Petrolia pays $80k for Y backyard consulting

MIG Engineering's concept of the grounds of the Petrolia Y.

The engineering firm which compiled the four-phase plan Backyard Plan at the Petrolia Y will receive $80,000 for it services. That’s part of the agreement the Town of Petrolia signed with Federal Economic Development Agency for Southern Ontario for $699,000 in funding for the project.

According to a report by Dave Menzies, the director and facilities for the town, MIG Engineering had been working with the town staff for seven months before council approved the concept and signed the grant papers in May. At that point, the plans MIG had designed had not been revealed publicly nor had the four-phase plan been approved by the municipal council. Town staff applied for the grant without seeking that approval.

Menzies May 9 report says “Once council approves the signing authorities, the agreement, banking information and associated paperwork will be returned to our project support manager at FedDev. The Clerk will produce a cover letter to indicate council’s approval.”

After the grant was received and the town was committed to putting up $233,000 for the project which had received no direct public input. Mayor Brad Loosley told The Independent he encouraged town staff to apply for grants without first clearing the projects through council.

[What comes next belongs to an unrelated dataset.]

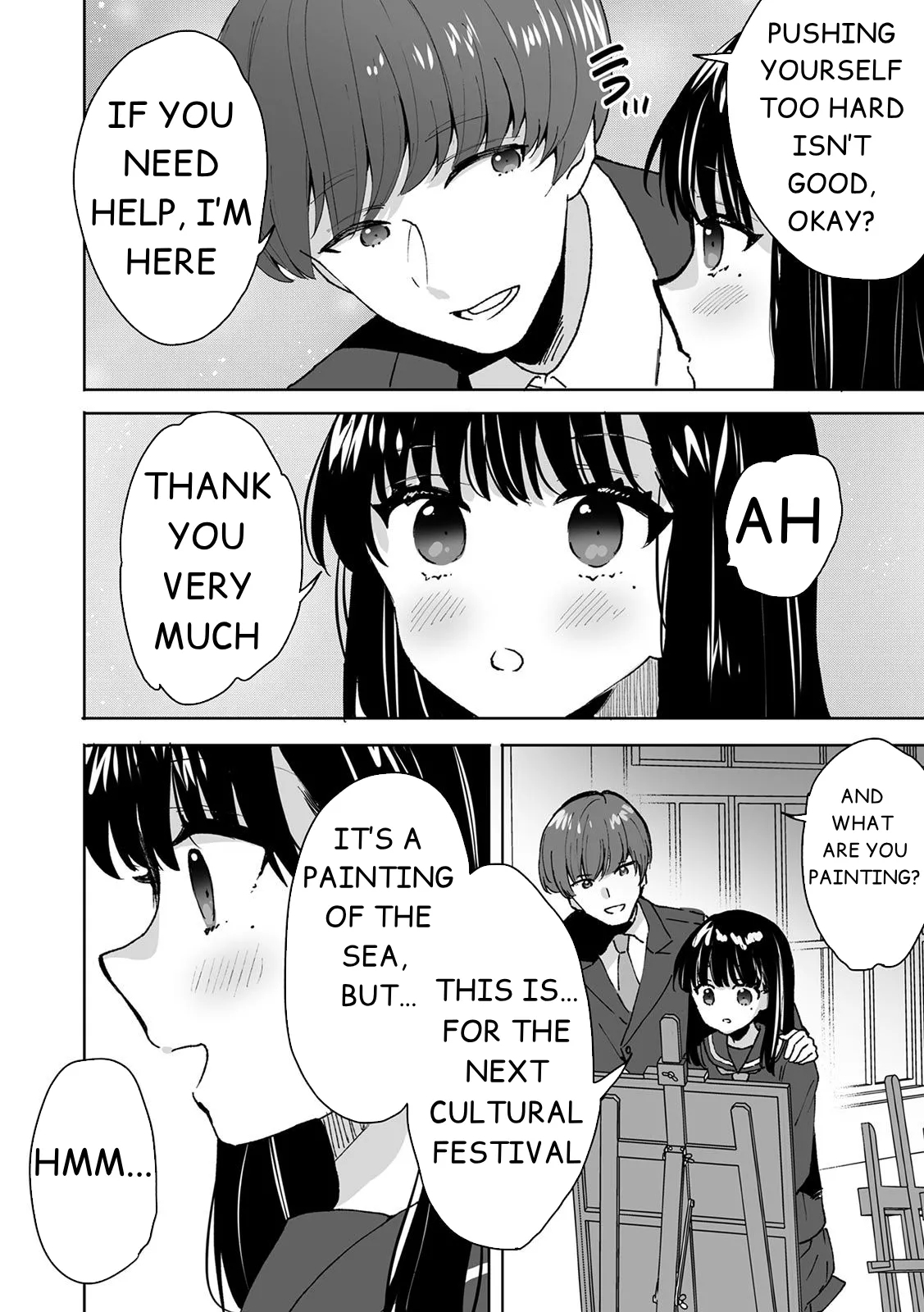 Secretly Hypnotizing My Stepsister: Making Her Body Mine - Part 2 page 15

CAO Rick Charlebois says construction of the soccer pitches beside the Y facility is now well underway and they will be ready for use in the new year. He expects the 100-space parking lot should be complete next summer. Originally, the town was to have completed the work by Feb. 2023, according to the contract signed with the federal agency, however Charlebois says the town has received verbal approval to complete the project by Feb. 2024 because of the issues surrounding construction materials in supply chains.

It’s not clear when, or if, the engineering firm which will consult throughout the project, will hold an open public session to lay out all the details, as Menzies suggested in his report in May. Council received the plan at its final council meeting Sept. 12.